● Activity
Further down are entries; set down exactly and only the lines from the one with "A College Student" up to and including the one with "временная регистрация госуслуги", dropping each picture.

● Data records
────────────────────────────────────────
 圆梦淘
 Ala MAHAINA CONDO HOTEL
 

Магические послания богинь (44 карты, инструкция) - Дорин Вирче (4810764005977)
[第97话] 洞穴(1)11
────────────────────────────────────────
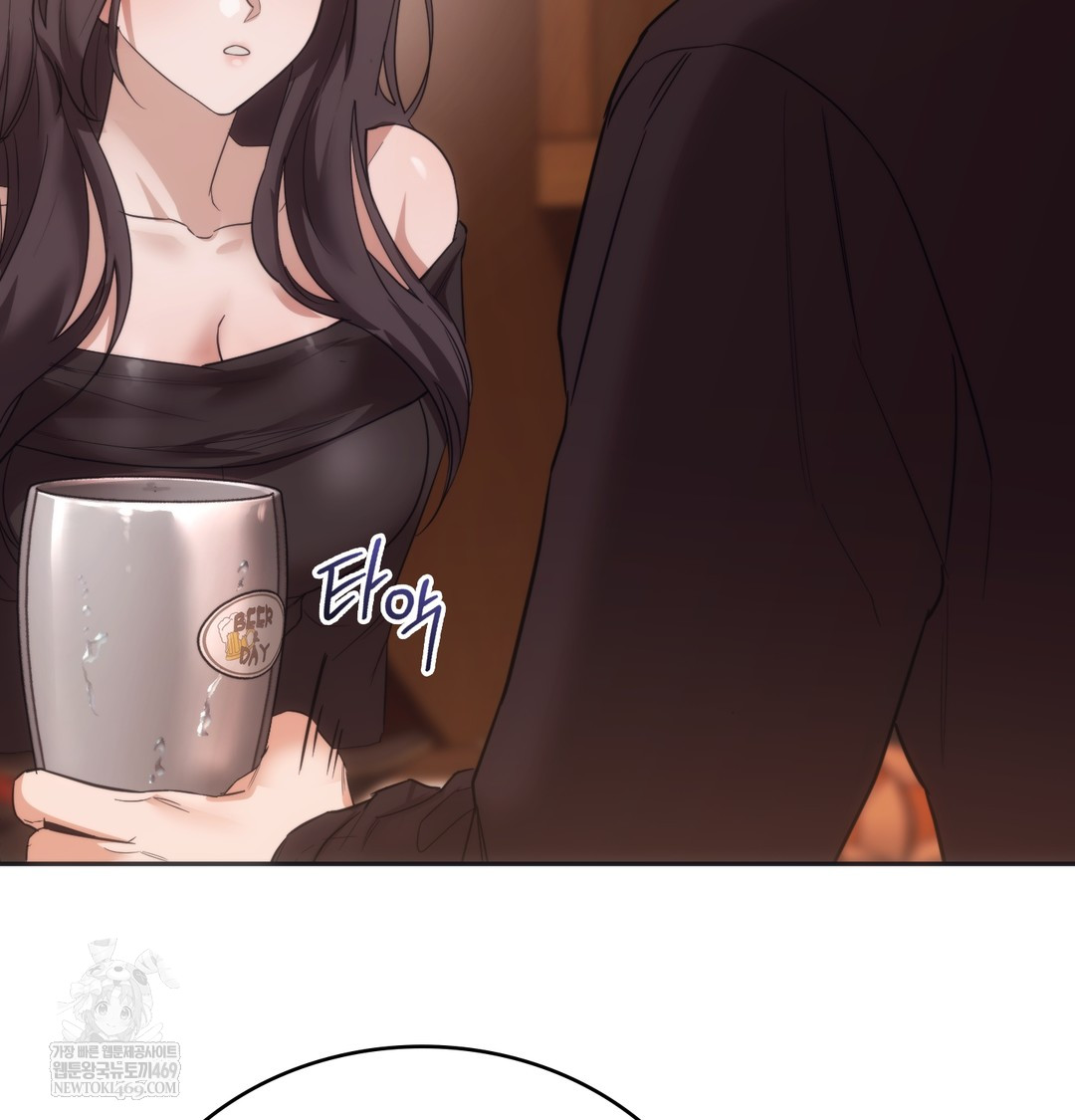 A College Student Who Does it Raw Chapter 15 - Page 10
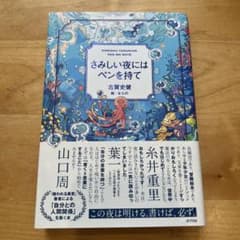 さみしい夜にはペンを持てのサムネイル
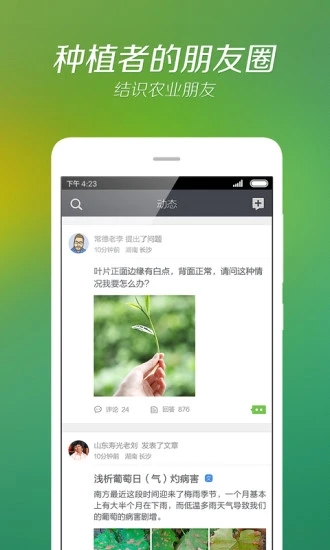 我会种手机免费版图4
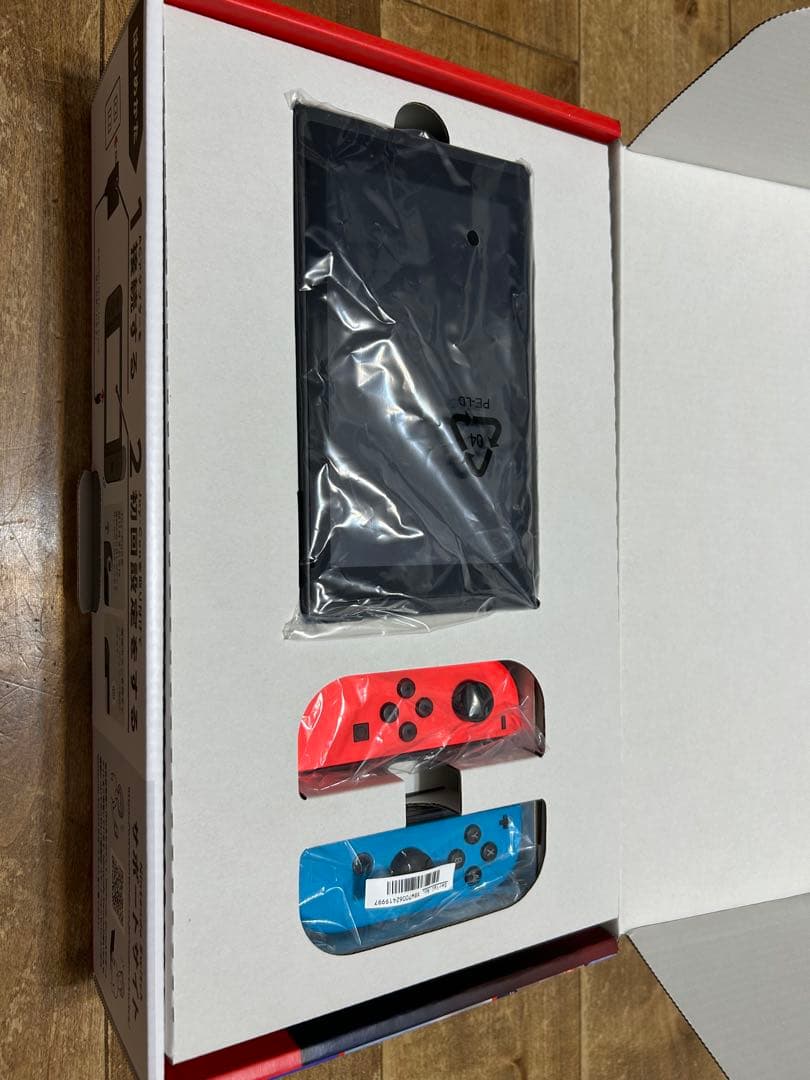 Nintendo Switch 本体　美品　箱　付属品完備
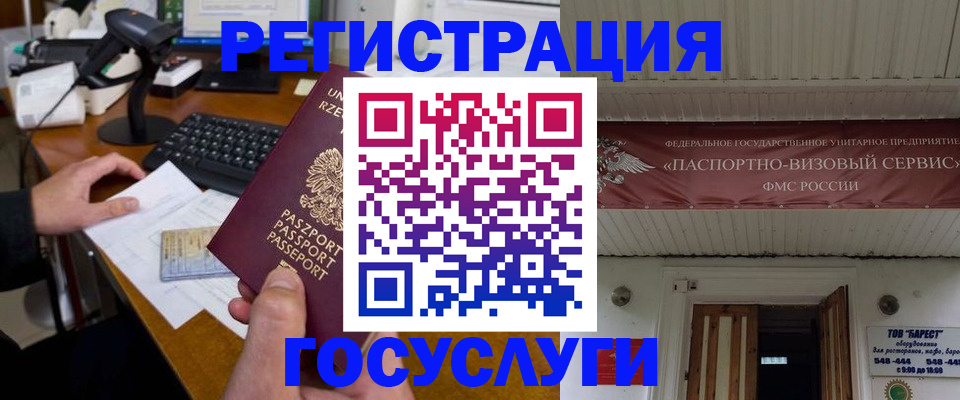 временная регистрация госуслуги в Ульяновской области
────────────────────────────────────────
● Result below
 A College Student Who Does it Raw Chapter 15 - Page 10
 さみしい夜にはペンを持てのサムネイル
 我会种手机免费版图4
 Nintendo Switch 本体　美品　箱　付属品完備
 временная регистрация госуслуги в Ульяновской области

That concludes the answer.